俺はまだ気持ちが追いつかず何を言っていいのかわからない。
数秒間、沈黙が訪れる。
「よしでた。どれどれ……"超展開スキル"? 初めてみるな……」
能力は女神様が与えてくれるものではないのだろうか?
聞いていた話とは少し違うようだ。
「クラスは……Sか。良かったな」
「エ、エスっ!?」
一年に三人ほどしか出ないと言われるSランク。
まさか自分がなれるとは思わなかった。
「それで……もう終わりだが。我に言いたいことがあるのであろう?」
「……えっと、はい」
バレていた。
思えば相手は神様、俺の思っていることなどすぐわかるのだろう。
「……な、何故、今の世の中がここまで酷くなってしまったのですか? 絶えず続く人族と魔王軍との攻防。他種族間の差別、戦争。そして近頃頻繁に訪れる魔力災害……神の書に書かれている通りだと女神様はこの世界のことを第一に考えていると……昔から災いが起こると必ずすぐ助けてくださった。と、書かれていました。……あ、あの記述は嘘だったと言うことですか?」
言葉が思うようにまとまらない。
何を言いたいのか、もし女神様がいれば言いたかった言葉がいくつもある。
ずっと考えていたのに……。
最後の方はほとんど聞こえないほど、声が弱くなってしまった。
「……」
お怒りだ……。
神に向かって俺は何で口を……今更、そう思った。
「まず謝罪を。我ら
「!?」
「何とか現実世界との繋がる方法を見つけたが、それは夢の中という限られた時間のみ。やっとここ十数年でその者の生まれた時から持っている能力を覚醒させる程度にはなってきたが、未だに我らが直接、現実世界に干渉する方法など一つもないのだ」
神を封印……言葉が信じられなかった。
神を封印できるものなんて、この世にいるはずがないからだ。
「よろしいのですか? ここまで俺に教えても……その様な話は聞いたことがありません。秘密のことなのではないでしょうか」
「良いとも、貴様は少しばかり特殊だ。

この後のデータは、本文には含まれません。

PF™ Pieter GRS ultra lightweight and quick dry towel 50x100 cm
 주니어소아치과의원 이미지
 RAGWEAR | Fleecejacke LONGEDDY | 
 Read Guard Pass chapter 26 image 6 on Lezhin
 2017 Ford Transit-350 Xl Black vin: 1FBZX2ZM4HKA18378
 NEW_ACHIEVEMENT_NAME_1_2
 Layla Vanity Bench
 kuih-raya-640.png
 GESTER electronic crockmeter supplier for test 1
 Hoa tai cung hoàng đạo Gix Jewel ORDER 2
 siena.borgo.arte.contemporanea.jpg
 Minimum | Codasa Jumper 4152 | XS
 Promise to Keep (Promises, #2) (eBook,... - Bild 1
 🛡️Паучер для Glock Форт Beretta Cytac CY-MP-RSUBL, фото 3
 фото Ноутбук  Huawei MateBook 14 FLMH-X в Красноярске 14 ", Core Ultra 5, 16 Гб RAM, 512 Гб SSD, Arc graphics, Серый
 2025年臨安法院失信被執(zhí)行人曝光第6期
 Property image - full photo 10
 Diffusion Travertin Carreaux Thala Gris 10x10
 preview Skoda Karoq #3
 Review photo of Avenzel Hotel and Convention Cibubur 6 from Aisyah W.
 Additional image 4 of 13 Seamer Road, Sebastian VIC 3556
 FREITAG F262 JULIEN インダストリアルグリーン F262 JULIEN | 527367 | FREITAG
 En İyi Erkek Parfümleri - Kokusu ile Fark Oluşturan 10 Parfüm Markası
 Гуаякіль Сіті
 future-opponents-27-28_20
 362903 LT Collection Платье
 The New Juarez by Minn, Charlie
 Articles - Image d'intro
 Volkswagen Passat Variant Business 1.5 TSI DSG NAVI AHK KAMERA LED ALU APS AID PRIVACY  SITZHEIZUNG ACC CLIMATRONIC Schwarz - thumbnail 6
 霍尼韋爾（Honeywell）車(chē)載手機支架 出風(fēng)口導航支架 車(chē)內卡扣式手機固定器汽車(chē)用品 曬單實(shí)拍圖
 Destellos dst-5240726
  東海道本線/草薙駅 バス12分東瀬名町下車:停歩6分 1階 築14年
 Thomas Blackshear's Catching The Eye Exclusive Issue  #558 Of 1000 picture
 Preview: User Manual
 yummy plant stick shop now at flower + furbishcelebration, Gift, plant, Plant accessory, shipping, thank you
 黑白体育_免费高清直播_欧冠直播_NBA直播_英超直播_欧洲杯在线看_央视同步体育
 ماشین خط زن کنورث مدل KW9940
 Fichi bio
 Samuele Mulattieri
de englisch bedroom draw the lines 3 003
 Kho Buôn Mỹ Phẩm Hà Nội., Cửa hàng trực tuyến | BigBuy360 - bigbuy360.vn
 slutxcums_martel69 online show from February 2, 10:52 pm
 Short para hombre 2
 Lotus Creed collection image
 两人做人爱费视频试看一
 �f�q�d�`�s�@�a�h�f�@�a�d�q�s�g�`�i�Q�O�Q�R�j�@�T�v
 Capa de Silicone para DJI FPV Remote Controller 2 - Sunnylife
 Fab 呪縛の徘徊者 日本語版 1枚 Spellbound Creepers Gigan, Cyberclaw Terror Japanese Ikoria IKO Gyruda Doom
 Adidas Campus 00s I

この話をしても何故か記憶が消えぬ。そして未来が全く見えぬ。その能力のせいだろうがな……」
その言葉と共に女神様の体がぷつぷつと透けていく。
「え、女神様!?」
「すまぬ、時間だ……ではまた今――」
***
「女神様っ!!」
起きるとそこはテーブルの上だった。
どうやら、うつ伏せて寝ていたらしい。
「夢……だけど現実……か……」
***
コンコン……
「入りたまえ」
「失礼します」
すぐ学校に行き、俺は校長室を訪れた。
目的はもちろん能力の確認だ。
校長……ライオス・バーメール。
数々の伝説を残した戦士の一人らしい。
魔王軍の部隊を丸ごと一人で全滅させたり、魔王軍幹部クラスを二人同時に葬ったと本当かどうかわからない噂が多々ある校長だ。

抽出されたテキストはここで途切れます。